Exercise directions: Leave out every picture, then transcribe the rest of the listing exactly.

Data shown:
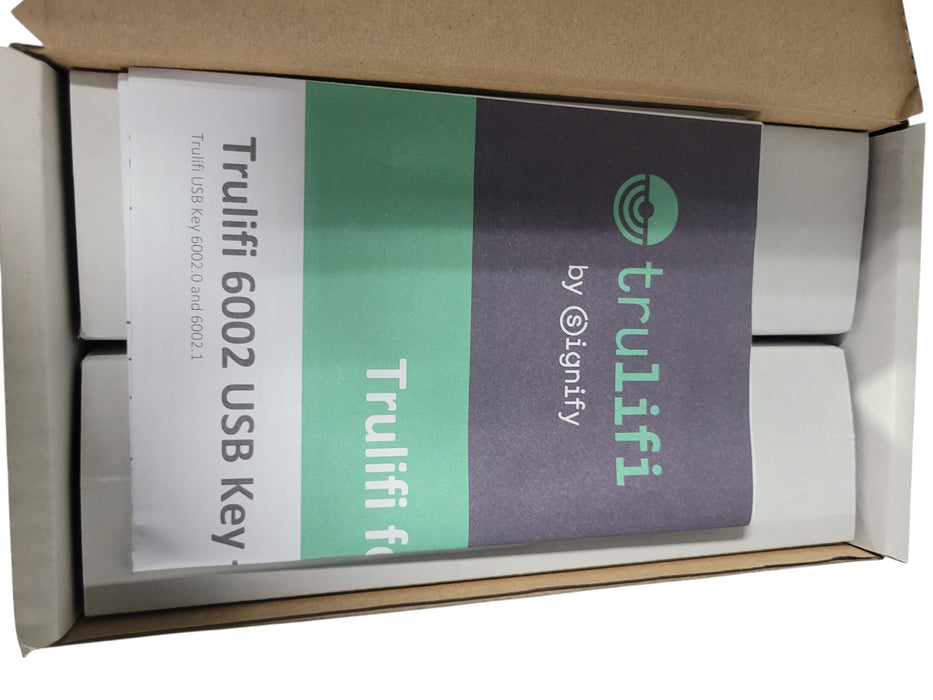 Signify Trulifi Office 6000 6002.1 USB Key LiFi Transceiver Adapter P/N 95087300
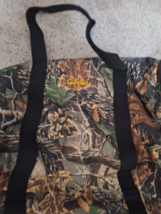 Cabela&#39;s Camo Seclusion 3D Duffel Bag w/ Shoulder Strap - 2 lg Outside P... - $20.85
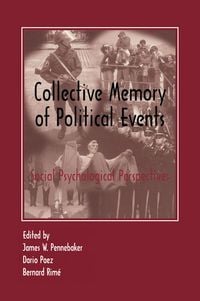 Produktbild: Collective Memory of Political Events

Your solution:
 Signify Trulifi Office 6000 6002.1 USB Key LiFi Transceiver Adapter P/N 95087300
 Cabela&#39;s Camo Seclusion 3D Duffel Bag w/ Shoulder Strap - 2 lg Outside P... - $20.85
 Produktbild: Collective Memory of Political Events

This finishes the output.